Gap prepares to give the store away this holiday season

Get ready to get a salivating deal on a hoodie or pair of underwear at Gap or Old Navy this holiday season as the struggling mall retailer looks to clear excess inventory ahead of 2023.

“We continue to anticipate a competitive promotional environment, given the increased inventory levels industry-wide and plan to continue to take aggressive action to clear inventory in order to enter fiscal 2023 better positioned,” said Gap CFO Katrina O’Connell on the retailer’s earnings call late Thursday. “We continue to rely heavily on markdowns and discounting to sell-through styles this quarter and have reduced receipts in Q4.”

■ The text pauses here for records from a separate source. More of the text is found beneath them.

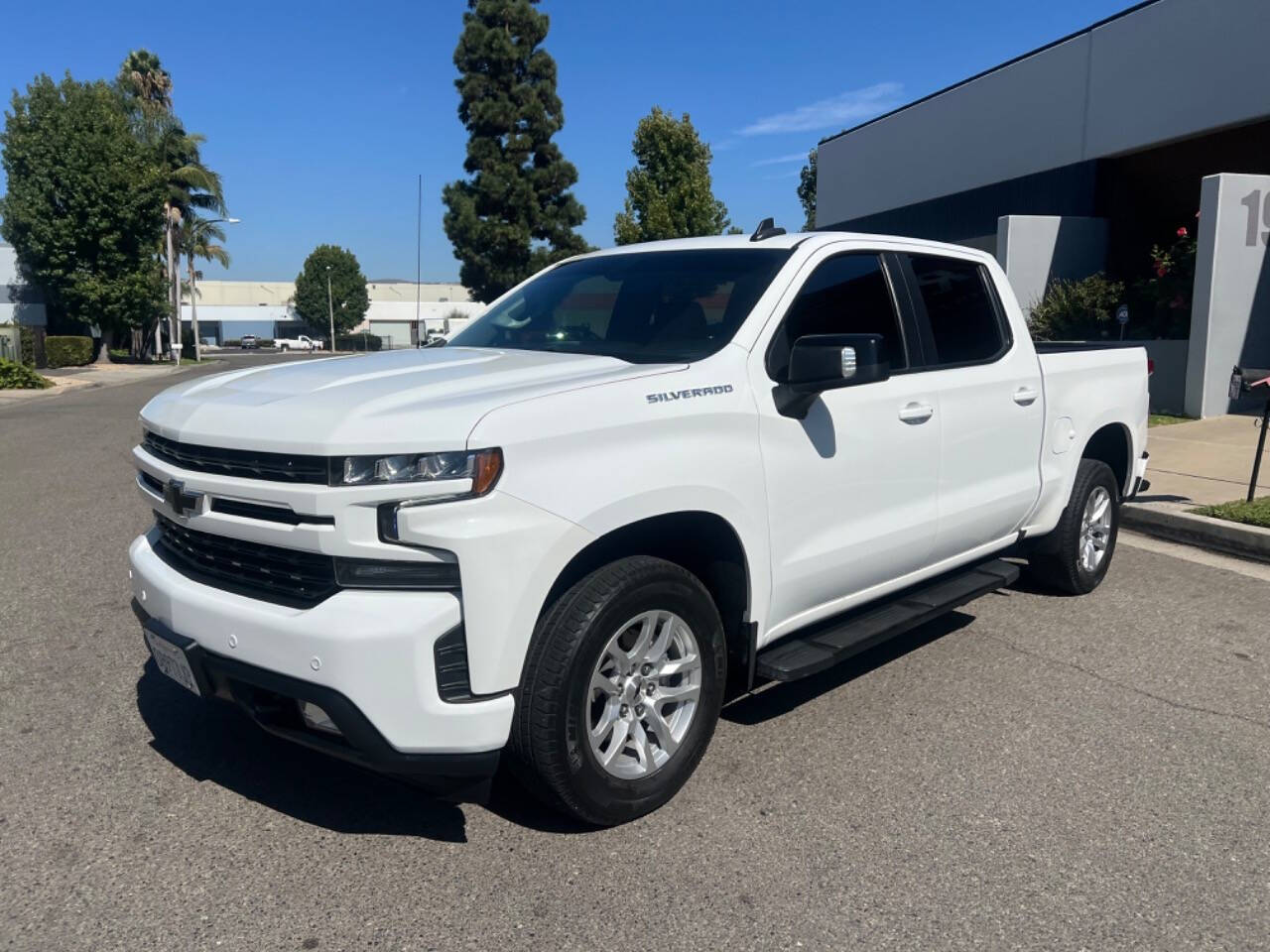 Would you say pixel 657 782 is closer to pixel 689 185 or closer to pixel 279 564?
pixel 279 564

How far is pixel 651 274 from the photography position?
→ 439 cm

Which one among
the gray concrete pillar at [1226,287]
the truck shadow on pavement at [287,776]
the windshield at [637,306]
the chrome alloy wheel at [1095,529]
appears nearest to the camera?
the truck shadow on pavement at [287,776]

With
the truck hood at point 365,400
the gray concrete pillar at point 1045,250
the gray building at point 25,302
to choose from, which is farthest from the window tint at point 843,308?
the gray building at point 25,302

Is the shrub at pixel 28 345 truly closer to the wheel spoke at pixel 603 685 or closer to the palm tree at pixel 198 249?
the palm tree at pixel 198 249

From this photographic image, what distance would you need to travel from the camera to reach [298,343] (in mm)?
93375

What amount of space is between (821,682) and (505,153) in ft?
132

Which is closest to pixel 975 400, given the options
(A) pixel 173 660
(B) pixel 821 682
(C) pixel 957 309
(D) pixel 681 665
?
(C) pixel 957 309

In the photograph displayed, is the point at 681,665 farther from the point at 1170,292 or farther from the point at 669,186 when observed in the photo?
the point at 669,186

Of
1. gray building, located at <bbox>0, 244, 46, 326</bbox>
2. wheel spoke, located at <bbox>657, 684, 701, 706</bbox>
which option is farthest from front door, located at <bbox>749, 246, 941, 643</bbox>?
gray building, located at <bbox>0, 244, 46, 326</bbox>

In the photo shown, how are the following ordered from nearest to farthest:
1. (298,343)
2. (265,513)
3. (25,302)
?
(265,513) < (25,302) < (298,343)

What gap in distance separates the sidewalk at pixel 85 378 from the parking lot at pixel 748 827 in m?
20.0

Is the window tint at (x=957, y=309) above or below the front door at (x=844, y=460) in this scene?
above

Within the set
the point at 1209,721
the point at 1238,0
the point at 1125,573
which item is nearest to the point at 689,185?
the point at 1238,0

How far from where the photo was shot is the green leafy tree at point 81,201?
3506cm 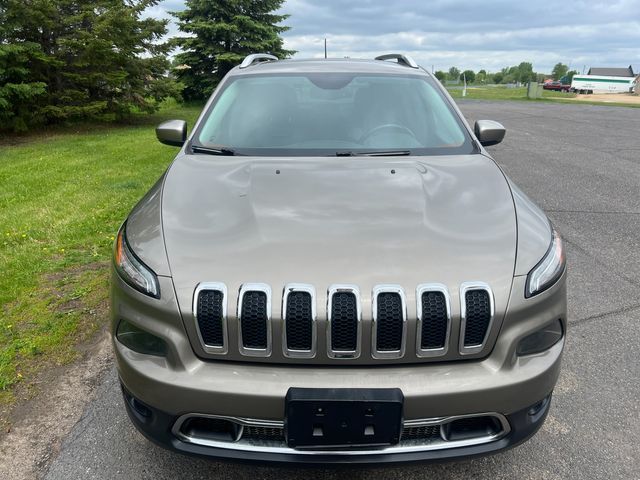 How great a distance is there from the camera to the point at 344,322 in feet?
5.71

Gap’s inventory ballooned 12% year over year in the third quarter amid a broader slowdown in consumer spending. Comparable sales were up a meager 1% as lower income shoppers pulled back on trips to Old Navy and consumers overall bought more cautiously on discretionary items.

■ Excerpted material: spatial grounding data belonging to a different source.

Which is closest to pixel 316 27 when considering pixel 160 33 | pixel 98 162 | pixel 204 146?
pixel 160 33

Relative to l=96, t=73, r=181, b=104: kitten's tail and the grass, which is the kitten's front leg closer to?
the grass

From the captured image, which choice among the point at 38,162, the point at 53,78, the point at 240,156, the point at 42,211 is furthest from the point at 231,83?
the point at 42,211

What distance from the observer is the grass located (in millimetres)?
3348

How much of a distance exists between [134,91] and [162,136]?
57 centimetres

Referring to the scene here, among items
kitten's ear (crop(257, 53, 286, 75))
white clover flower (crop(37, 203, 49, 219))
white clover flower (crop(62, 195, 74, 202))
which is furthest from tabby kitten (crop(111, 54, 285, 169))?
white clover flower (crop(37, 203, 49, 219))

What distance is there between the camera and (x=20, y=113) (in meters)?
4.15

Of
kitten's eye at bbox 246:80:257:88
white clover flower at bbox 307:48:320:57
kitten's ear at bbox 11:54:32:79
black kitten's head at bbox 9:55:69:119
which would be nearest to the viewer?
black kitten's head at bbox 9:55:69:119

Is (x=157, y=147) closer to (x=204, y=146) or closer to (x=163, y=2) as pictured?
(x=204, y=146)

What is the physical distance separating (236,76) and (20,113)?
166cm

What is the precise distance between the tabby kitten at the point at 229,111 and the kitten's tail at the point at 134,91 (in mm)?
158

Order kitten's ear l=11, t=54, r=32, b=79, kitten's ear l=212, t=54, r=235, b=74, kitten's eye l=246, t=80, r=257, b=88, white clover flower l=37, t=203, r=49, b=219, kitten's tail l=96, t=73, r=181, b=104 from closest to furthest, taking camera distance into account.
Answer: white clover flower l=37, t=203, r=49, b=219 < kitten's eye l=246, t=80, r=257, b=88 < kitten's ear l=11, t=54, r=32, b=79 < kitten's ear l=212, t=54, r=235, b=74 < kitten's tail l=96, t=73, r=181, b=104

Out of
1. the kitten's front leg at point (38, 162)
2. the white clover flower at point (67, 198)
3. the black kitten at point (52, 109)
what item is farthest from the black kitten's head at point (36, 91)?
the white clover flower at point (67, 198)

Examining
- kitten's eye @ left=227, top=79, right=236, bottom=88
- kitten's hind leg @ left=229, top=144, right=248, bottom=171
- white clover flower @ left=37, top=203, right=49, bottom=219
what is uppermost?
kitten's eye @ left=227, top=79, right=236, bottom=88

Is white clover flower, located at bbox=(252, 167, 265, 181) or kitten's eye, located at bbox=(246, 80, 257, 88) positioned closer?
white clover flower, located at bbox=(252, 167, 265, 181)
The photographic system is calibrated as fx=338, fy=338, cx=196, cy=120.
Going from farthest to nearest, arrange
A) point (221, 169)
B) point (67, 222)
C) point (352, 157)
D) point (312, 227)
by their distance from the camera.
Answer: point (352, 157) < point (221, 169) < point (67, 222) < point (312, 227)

The aggressive posture on discounting — which will likely hammer Gap’s profit margins in the critical holiday season — comes hot on the heels of another lackluster quarter and ongoing search for a permanent CEO.

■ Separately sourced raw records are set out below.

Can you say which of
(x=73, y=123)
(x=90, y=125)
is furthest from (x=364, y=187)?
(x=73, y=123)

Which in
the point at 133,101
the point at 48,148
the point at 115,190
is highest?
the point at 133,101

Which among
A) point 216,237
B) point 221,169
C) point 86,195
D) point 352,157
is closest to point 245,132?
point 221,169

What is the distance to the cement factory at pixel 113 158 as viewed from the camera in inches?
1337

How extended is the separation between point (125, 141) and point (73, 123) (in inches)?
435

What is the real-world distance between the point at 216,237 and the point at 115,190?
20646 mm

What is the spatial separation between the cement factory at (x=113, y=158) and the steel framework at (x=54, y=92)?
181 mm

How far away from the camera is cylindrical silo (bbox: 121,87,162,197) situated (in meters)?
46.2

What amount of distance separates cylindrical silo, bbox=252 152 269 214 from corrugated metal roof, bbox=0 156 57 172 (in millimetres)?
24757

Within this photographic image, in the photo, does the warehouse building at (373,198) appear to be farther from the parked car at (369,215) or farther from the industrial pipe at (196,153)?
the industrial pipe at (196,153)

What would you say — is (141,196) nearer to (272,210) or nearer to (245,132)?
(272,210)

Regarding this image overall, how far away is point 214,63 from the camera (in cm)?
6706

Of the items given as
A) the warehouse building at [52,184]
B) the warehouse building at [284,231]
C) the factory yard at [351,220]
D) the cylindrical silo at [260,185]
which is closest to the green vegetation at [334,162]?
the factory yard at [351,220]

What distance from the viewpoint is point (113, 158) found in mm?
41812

Net sales rose 2% from the prior year to $4.04 billion. Sales at Old Navy rose a meager 2%, while the Gap brand saw sales stay stagnant from a year ago. Sales at Athleta rose 6%.

Adjusted gross profit margins tanked 320 basis points from a year ago.

Gap shares managed to rise 7% in pre-market trading on Friday as earnings of 71 cents a share beat estimates for breakeven.

The company said it sees fourth quarter sales falling by a mid-single digit percentage. No profit guidance was shared.

“Long-term, we believe a mix shift toward Old Navy and Athleta should improve the company’s margin structure. However, we think there are still risks around Old Navy maintaining its historical growth and margin rates, especially with growing competition. We believe slowing trends at Old Navy (drives ~60% of revenue and even more of profit) will be a key focus among investors near-term.While Athleta is a strong, growing brand, it is not large enough to drive the investment case at this time, in our view,” said Jefferies analyst Corey Tarlowe in a note to clients.